As hard as it might be to believe, the incident actually happened many years ago.

Lost in my work on a cold day during the first week in December — with Christmas music quietly playing over the office intercom — the sudden ring of the telephone on my desk startled me back to the reality of the moment.

An economic development official was on the other end of the line, and he had some really wonderful news for the community. A Japanese company was going to build a new factory in Hopkinsville, and the town fathers wanted to make the official announcement as soon as possible at a glad-handing, dog-and-pony show later in the week.

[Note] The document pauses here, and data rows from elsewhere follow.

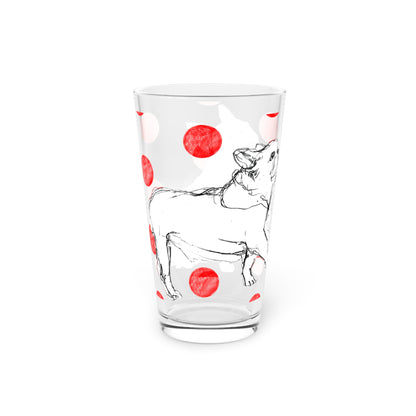 Dogi Fun and Polka Dots Pint Glass in Red, French Bulldog, 16oz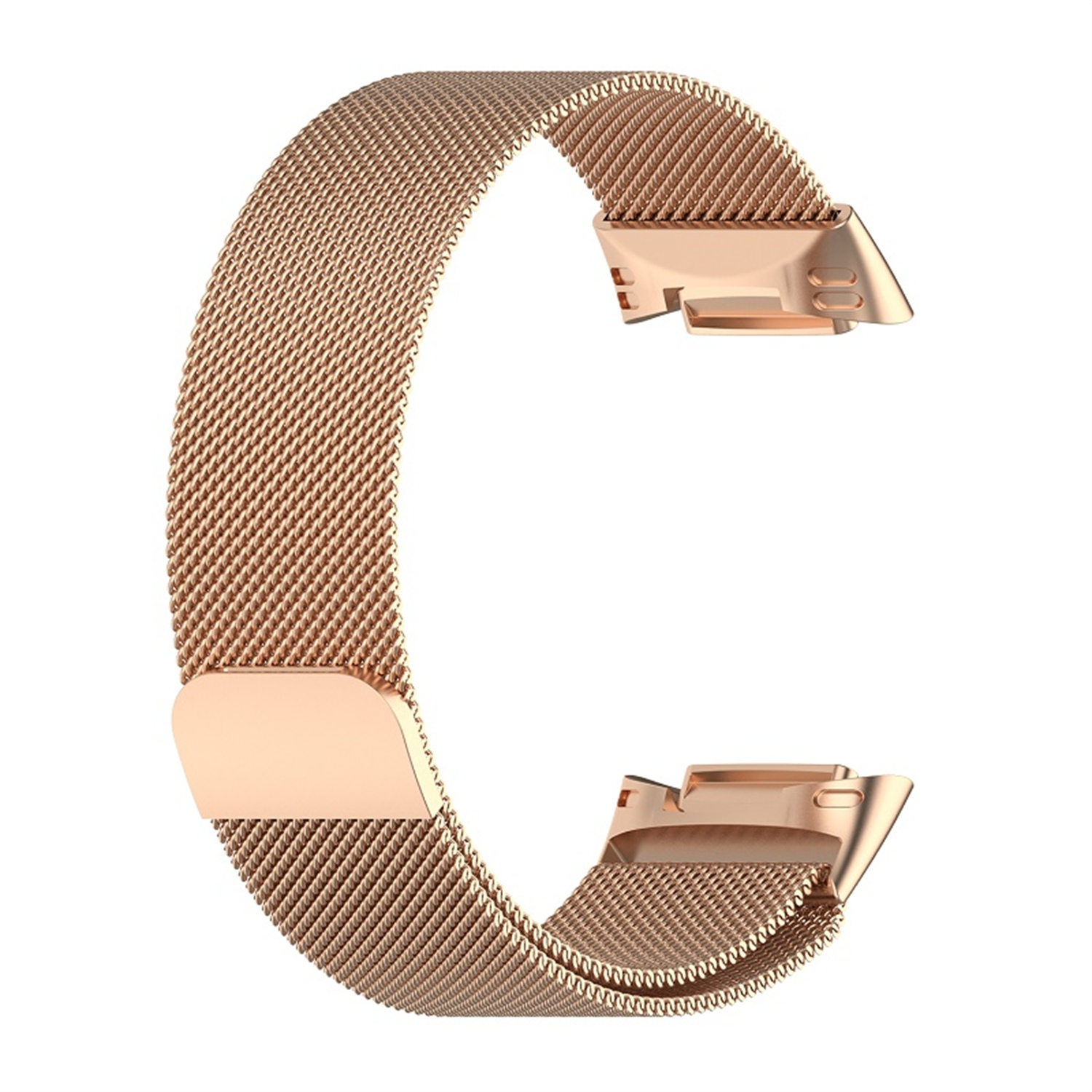 Roségoldenes Uhrenarmband mit Mesh-Design und Verschluss.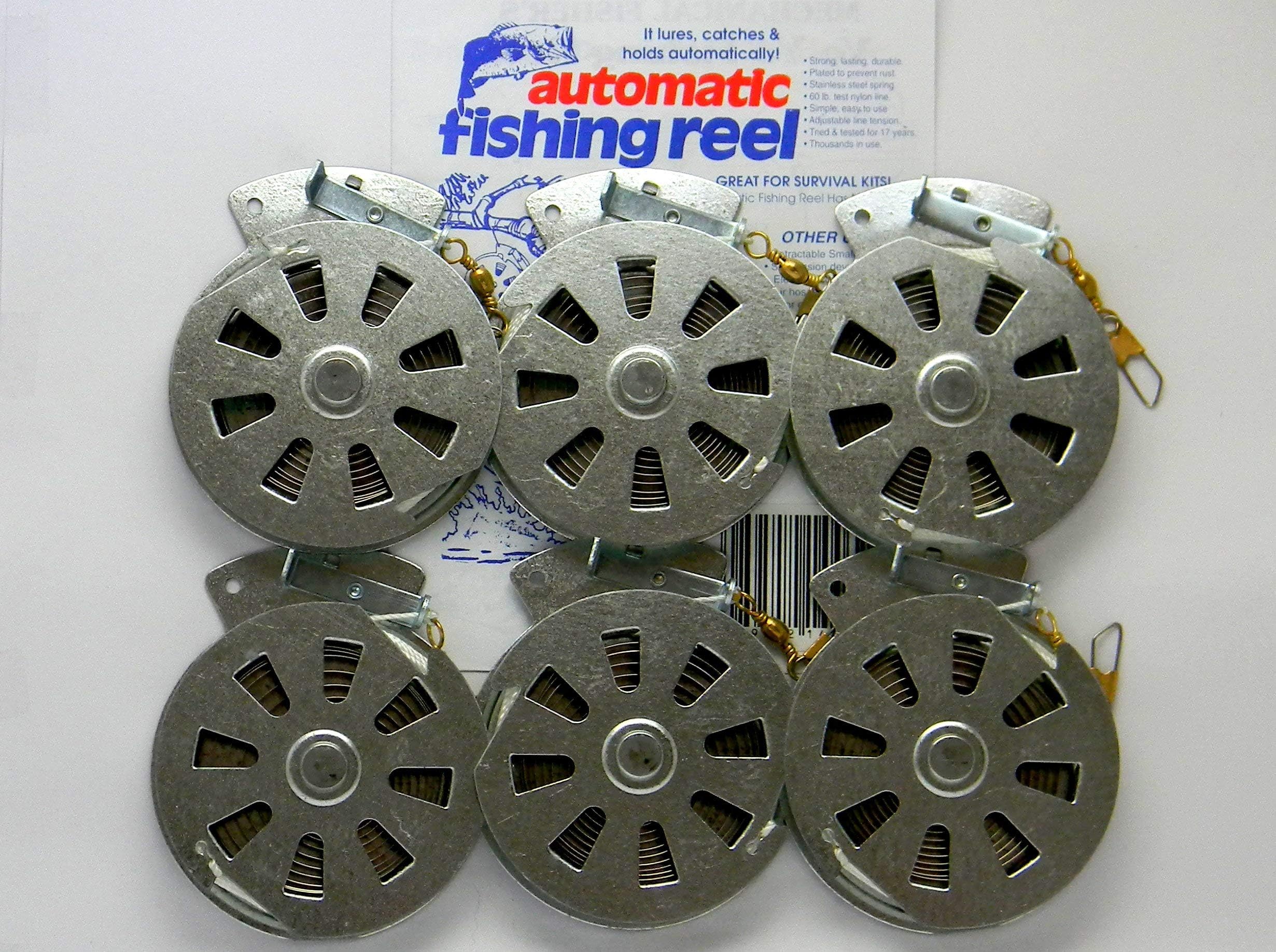 6 Mechanical Fisher's Yo Yo Fishing Reels -Package of 1/2 Dozen- Yoyo Fish Trap -(Flat Trigger Model)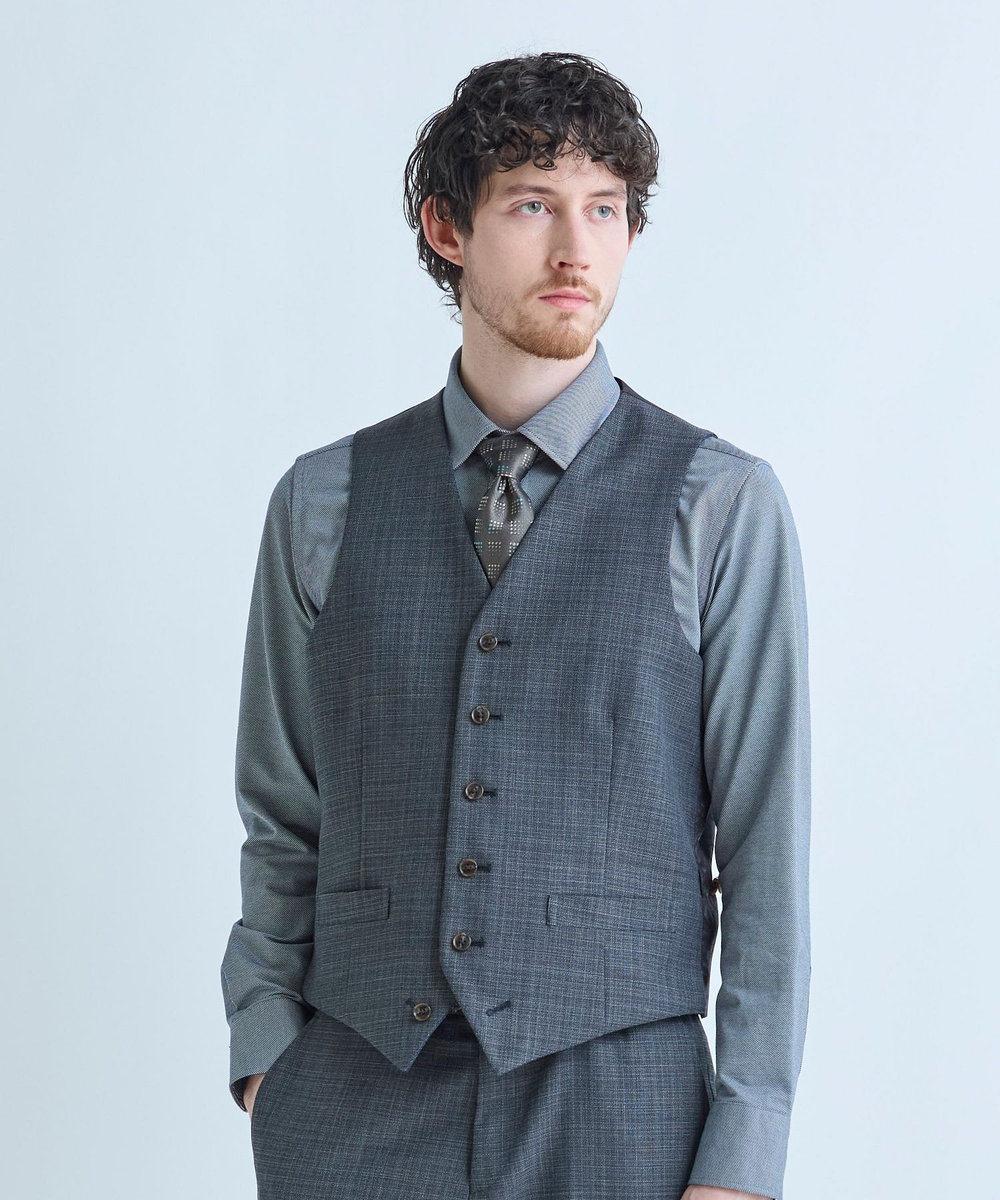 MEN'S BIGI ミックスヤーン/ポップサック リバーシブルベスト グレー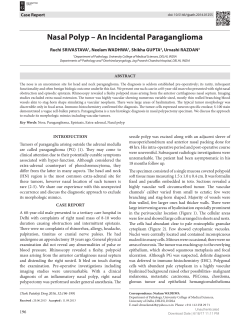 Nasal Polyp &ndash; An Incidental Paraganglioma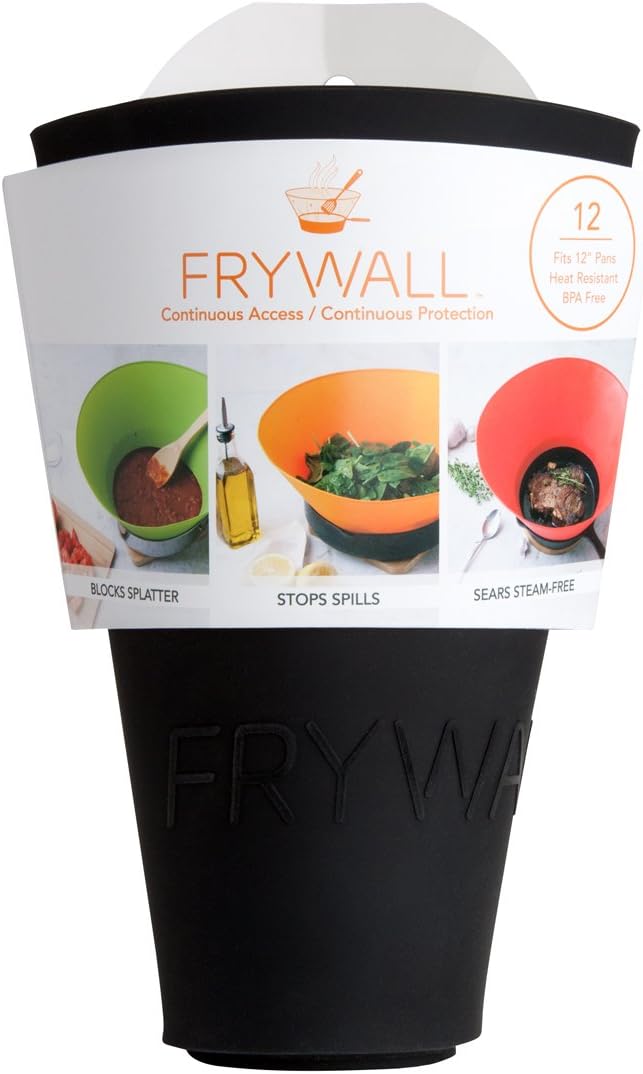 Frywall 12 (Large) - Black - Splatter Guard, as Seen on Shark Tank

The excited official provided me with the time and day of the week for the event and asked me for a write-up in the paper so that the public and other interested parties would know to show up at the local industrial park.

Mr. Good News — a nice man, good at his job, who shall remain nameless to protect his dignity — sure was puzzled when asked point blank whether local officials had even bothered to look at the calendar before picking that particular day for their festivities.

It was left up to me to sound the warning bells about a rather sensitive situation. My words landed on him like a load of bombs: “You’re not really going to announce a new Japanese factory on Pearl Harbor Day, are you?”

There was a long, awkward silence from the obviously-embarrassed official, followed by a promise to get back to me soon with brand-new details for the big announcement.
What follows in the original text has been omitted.